Jeremías 29.11
El Padre celestial tiene un plan grandioso para la vida de cada uno de sus hijos, y puede resumirse en la palabra santificación. Si usted nunca ha estado seguro del significado del término, no es el único; muchas personas no tienen clara su definición. Pero los creyentes debemos entenderlo, pues esa palabra nos define.
En su forma verbal —santificar— el término significa “hacer santo” o “apartar”. Por eso, cuando algo es santificado es apartado de su uso común anterior y dedicado a propósitos sagrados. El Antiguo Testamento menciona varias cosas que el Señor santificó, entre ellas: el séptimo día y la tribu de Leví como sacerdotes, e incluso consagró lugares como el lugar santísimo dentro del tabernáculo (Gn 2.3; Nm 3).

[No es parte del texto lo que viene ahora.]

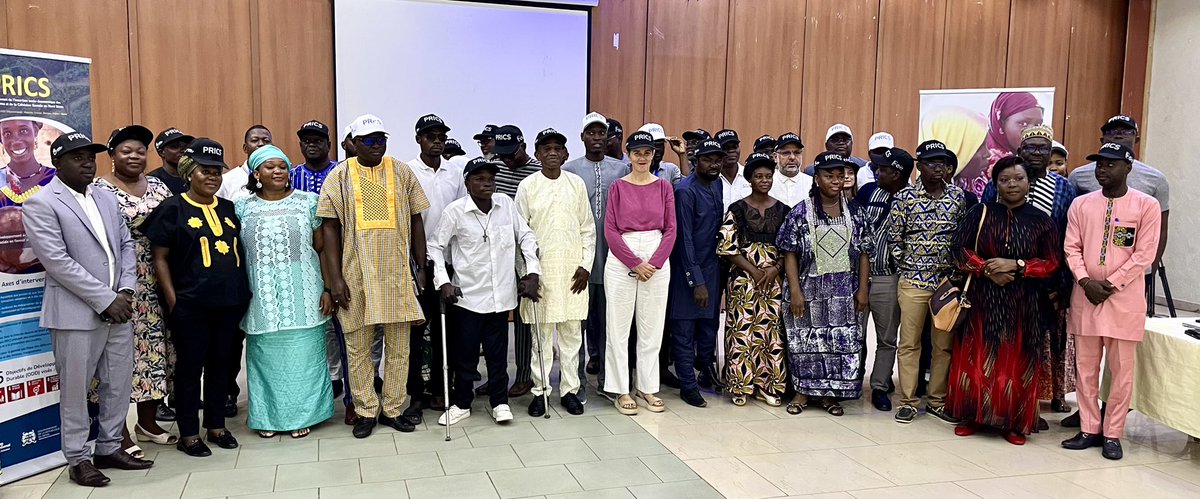Laure Weisgerber (@weisgerberlaure) on Twitter photo Lancement à Parakou d’un projet d’insertion économique et de cohésion sociale au Nord #Bénin financé par <a href="/AFD_France/">Agence Française de #Développement (AFD) 🇫🇷 🇪🇺</a> et mis en œuvre par Humanité et inclusion, avec de nombreux partenaires. 17 communes appuyées et bientôt plus de 2000 jeunes vulnérables accompagnés vers l’emploi Lancement à Parakou d’un projet d’insertion économique et de cohésion sociale au Nord #Bénin financé par <a href="/AFD_France/">Agence Française de #Développement (AFD) 🇫🇷 🇪🇺</a> et mis en œuvre par Humanité et inclusion, avec de nombreux partenaires. 17 communes appuyées et bientôt plus de 2000 jeunes vulnérables accompagnés vers l’emploi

El Padre celestial sigue santificando a personas en el presente. Antes de que alguien ponga su fe en el Salvador, esa persona está muerta espiritualmente y, en realidad, es enemiga de Dios (Ef 2.1-3; Ro 5.10). Pero en el momento que decide confiar en Jesucristo, sus pecados son borrados y es adoptado en la familia de Dios. Esa persona es apartada como un hijo de Dios, con un propósito sagrado. Esto significa que los creyentes no estamos aquí para ir tras nuestro beneficio personal, sino para servir al Señor y darle honra y gloria.
Como miembros de la familia de Dios, llamados a reflejar su gloria, a los creyentes se les conoce como “santos”. Se nos ha dado este apelativo —que comparte su raíz con santificación— no porque estemos libres de pecado o seamos perfectos, sino porque vivimos una vida congruente con Aquel a quien representamos.